12 We must consider the fact, which comes first, and so in order reach the inference, which comes after. Now I find among many bad things written by Origen the following most distinctly heretical: that the Son of God is a creature, that the Holy Spirit is a servant: that there are innumerable worlds, succeeding one another in eternal ages: that angels have been turned into human souls; that the soul of the Saviour existed before it was born of Mary, and that it is this soul which “being in the form of God thought it not robbery to be equal with God, but emptied itself and took the form of a servant;” that the resurrection of our bodies will be such that we shall not have the same members, since, when the functions of the members cease they will become superfluous: and that our bodies themselves will grow aërial and spirit-like, and gradually vanish and disperse into thin air and into nothing: that in the restitution of all things, when the fullness of forgiveness will have been reached, Cherubim and Seraphim, Thrones, Principalities, Dominions, Virtues, Powers, Archangels and Angels, the devil, the demons and the souls of men whether Christians Jews or Heathen, will be of one condition and degree; and when they have come to their true form and weight, and the new army of the whole race returning from the exile of the world presents a mass of rational creatures with all their dregs left behind, then will begin a new world from a new origin, and other bodies in which the souls who fall from heaven will be clothed; so that we may have to fear that we who are now men may afterwards be born women, and one who is now a virgin may chance then to be a prostitute. These things I point out as heresies in the books of Origen. It is for you to point out in which of his books you have found them contradicted.

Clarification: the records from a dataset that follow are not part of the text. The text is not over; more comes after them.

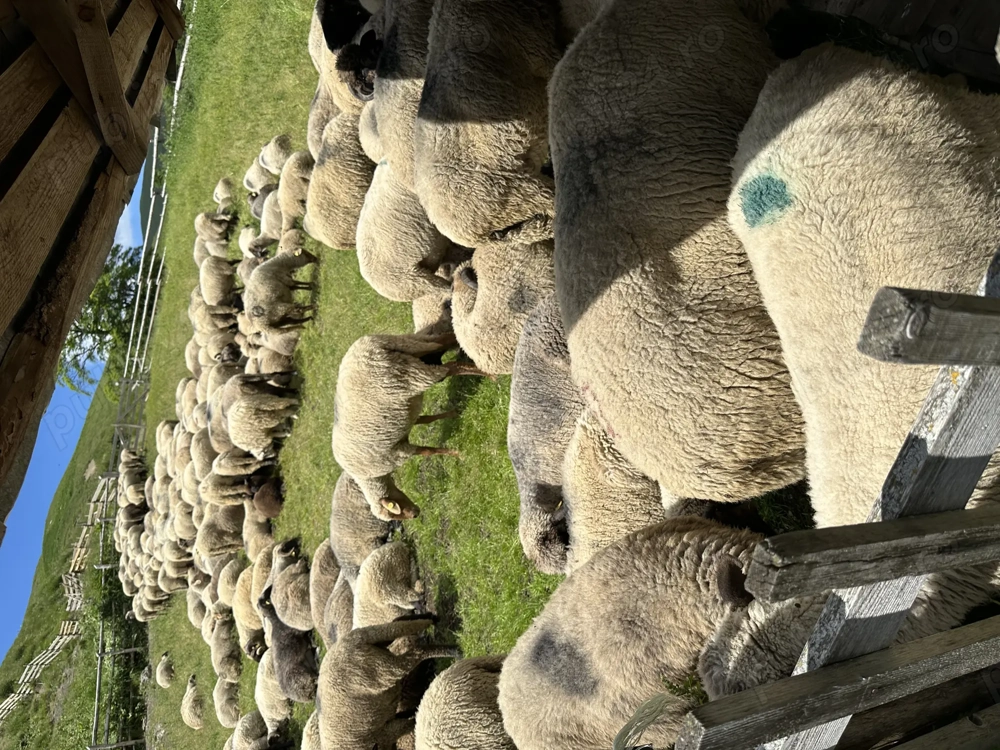 Caut cioban Prahova, pe termen lung .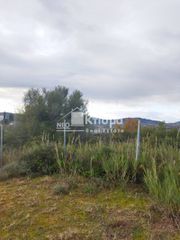 Αγροτεμάχια 4.800 τ.μ. για πώληση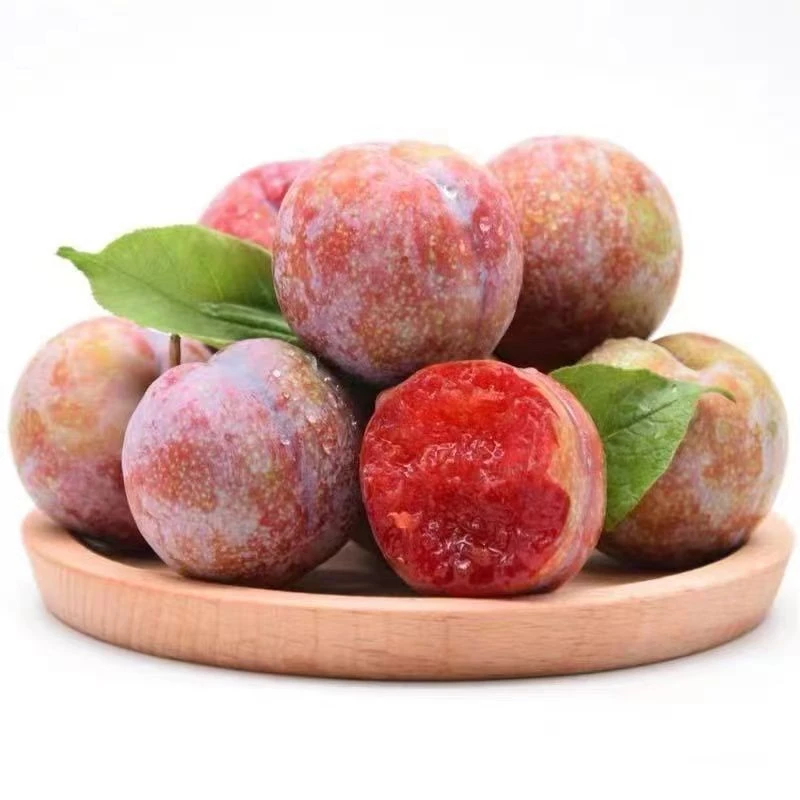 正宗钱排三华李李子新鲜水果红心孕妇酸李子现摘当季直发新鲜广东省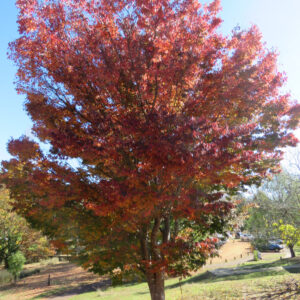 Maple 'Sun Valley'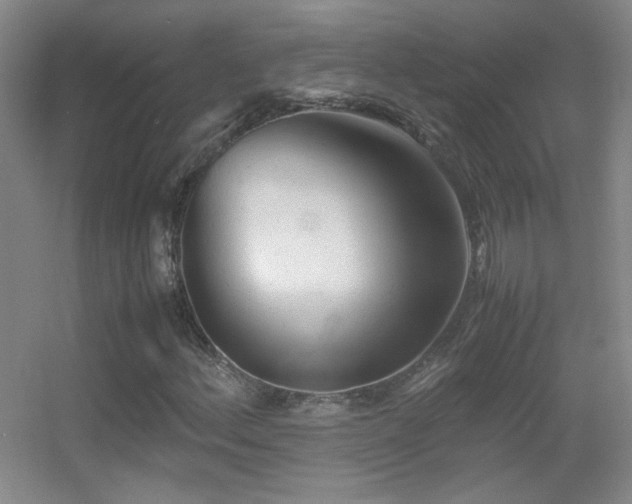 X0000055511156200508121009
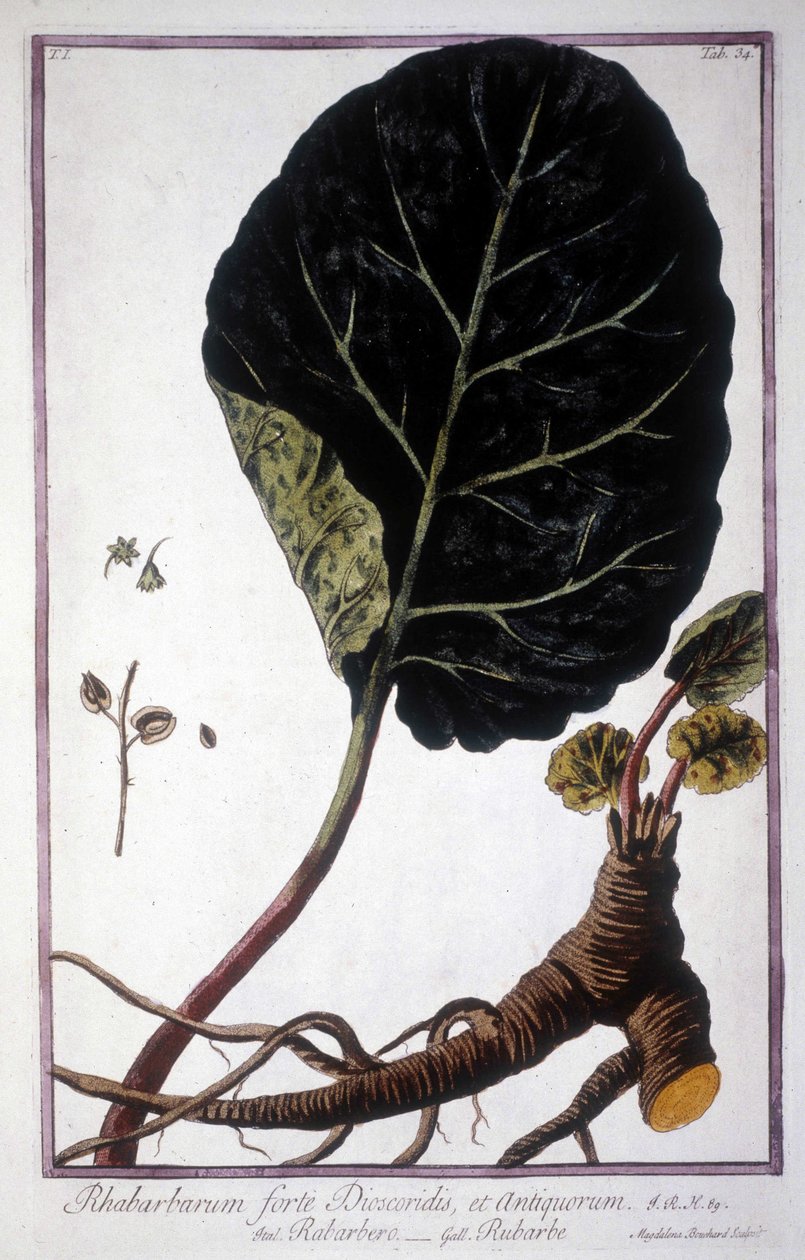 Botanisk tavla: Blad och rötter av rabarber. 1800-tals herbarium. av Unknown artist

13. Do not tell me that “you have found the same things treated by the same author in other places in a catholic sense,” and thus send me to search through the six thousand books of Origen which you charge the most reverend Bishop Epiphanius with having read; but mention the passages with exactness: nor will this suffice; you must produce the sentences word for word. Origen is no fool, as I well know; he cannot contradict himself. The net result arising from all this calculation is, then, that what you cut out was not due to the heretics, but to Origen himself, and that you translated the bad things he had written because you considered them good; and that both the good and the bad things in the book are to be set to your account, since you approved his writings in the Prologue.